9 h 05. Nue, la foule franchit les grandes portes de chêne flanquées de gardes et claudique jusqu’à une autre chambre, semblable à la première mais totalement dégarnie, à l’exception de quatre grands piliers carrés à vingt mètres d’intervalle. Au bas de chaque pilier, une plaque de métal percée d’orifices. Le local se remplit, les portes se ferment. Weidemann me fait signe. Je le suis par le vestiaire désert ; nous remontons les marches de béton, jusqu’à l’air libre. J’entends le bruit d’un moteur de voiture.
Sur le gazon qui recouvre le toit de l’installation, une petite camionnette s’avance en cahotant, marquée des couleurs de la Croix-Rouge. Elle s’arrête. Un officier SS et un médecin en sortent, munis de masques à gaz et portant quatre boîtes métalliques. Quatre conduits de béton émergent de l’herbe, à vingt mètres l’un de l’autre. Le médecin et l’officier soulèvent les couvercles et versent une substance mauve granulée. Ils ôtent leurs masques, allument une cigarette au soleil.
9 h 09 : Weidemann me ramène en bas. Le seul bruit est un tambourinement étouffé à l’autre bout de la pièce, derrière les valises et les piles de vêtements encore chauds. Un petit judas de verre est enchâssé dans les panneaux de chêne. J’y colle un œil.
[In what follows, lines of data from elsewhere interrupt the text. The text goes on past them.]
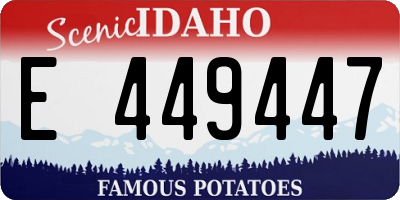 ID license plate E449447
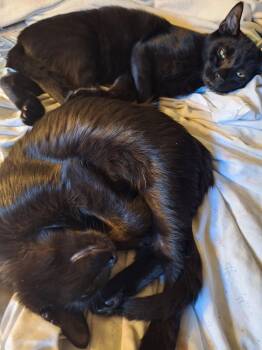 Rescue Exotic Shorthair Cats for Adoption in Brighton, New York - Ralph & Rhubarb | PetCurious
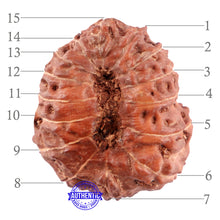Load image into Gallery viewer, 15 Mukhi Indonesian Rudraksha - Bead No. 240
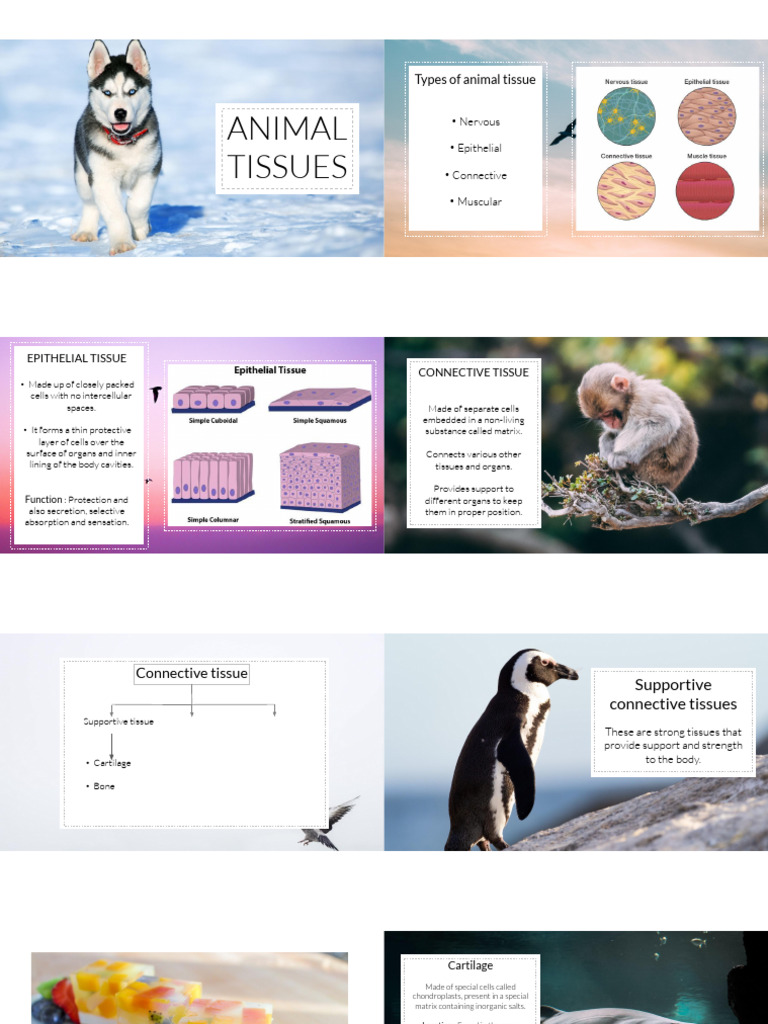 ANIMAL TISSUES.pptx | PDF | Muscle | Connective Tissue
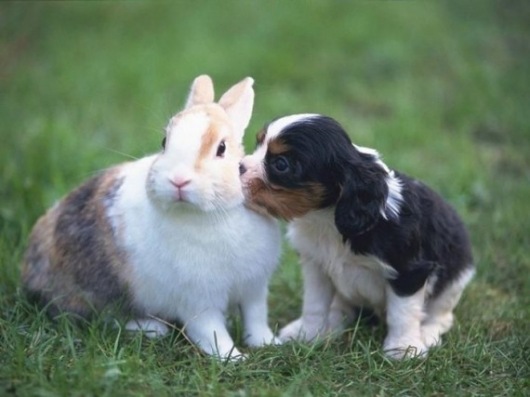 sweet_puppy_rabbit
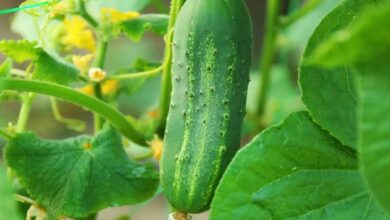 Cucumber cultivation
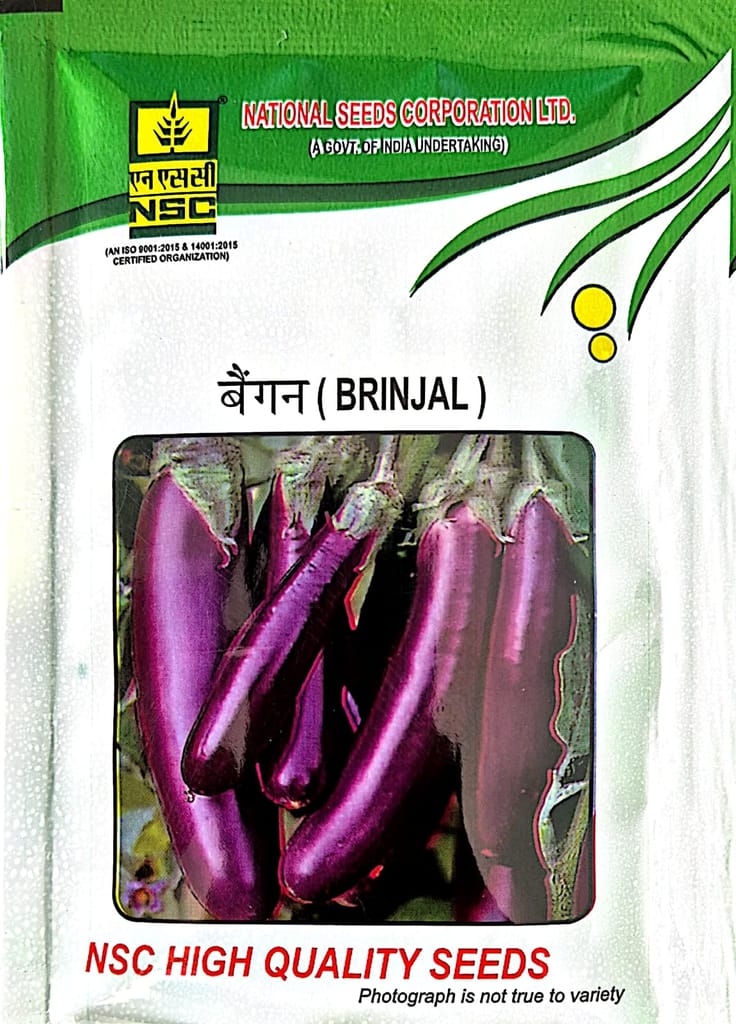 Nsc brinjal ppl seeds - 10 gm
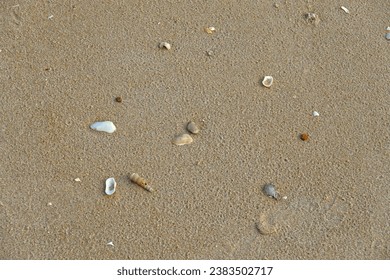 Surface small seashells on the sand beach. - Powered by Shutterstock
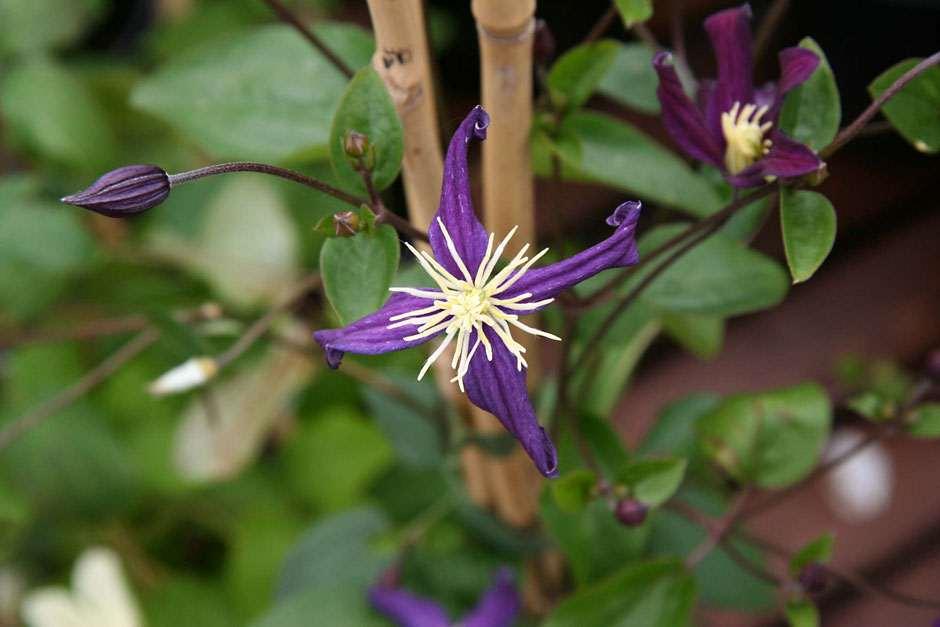 Clematis aromatica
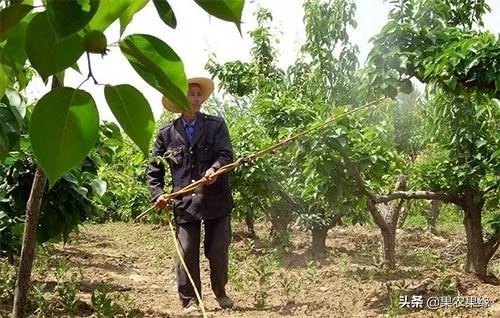 尿素做叶面肥，浓度多少合适？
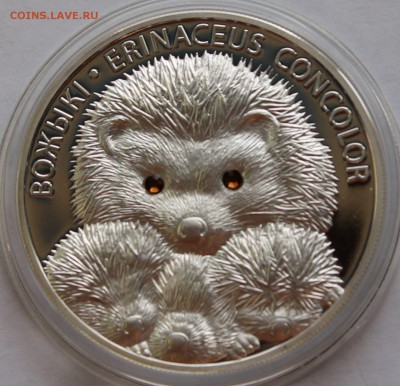 Беларусь 20 рублей  2011. Ежи. Серебро,999, вес - 31,1 гр - 3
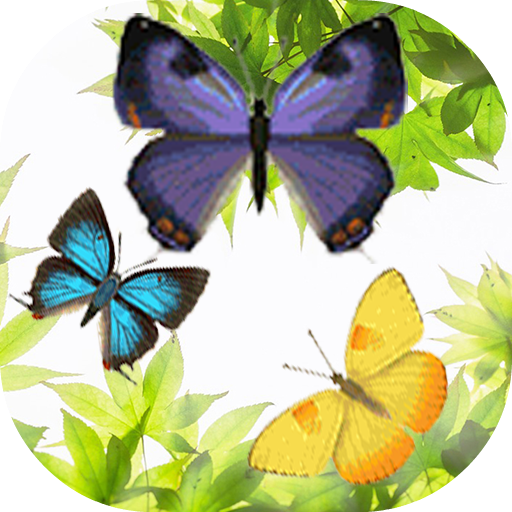 Butterfly and Blossom live wal Scarica su Windows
La paume d’un homme frappe contre l’ouverture ; je rejette brusquement la tête en arrière.
Un garde dit : « L’eau des douches doit être particulièrement chaude ce matin pour qu’ils hurlent comme ça. »
À l’extérieur, Weidemann m’annonce : « Nous devons attendre vingt minutes. Est-ce que le Canada vous intéresse ? » Je dis : « Le quoi ? » Il rit : « Le Canada — une section du camp. Pourquoi Canada ? — Il hausse les épaules — Personne ne sait. »
Canada. 1 km au nord de la chambre à gaz. Très vaste espace couvert, rectangulaire, un mirador à chaque coin, entouré de barbelés. Des montagnes d’effets personnels — malles, sacs à dos, valises, sacs de voyage, paquets, couvertures, landaus, chaises roulantes, membres artificiels… Des brosses, des peignes… Weidemann : chiffres établis pour le RF-SS concernant les biens personnels récemment envoyés au Reich : chemises d’hommes, 132 000 ; manteaux de femmes, 155 000 ; cheveux de femmes, 3 000 kg (« Un wagon de marchandises ») ; vestes de garçons, 15 000 ; robes de filles, 9 000 ; mouchoirs, 135 000. Je reçois une trousse de médecin, remarquablement manufacturée, comme souvenir, Weidemann insiste.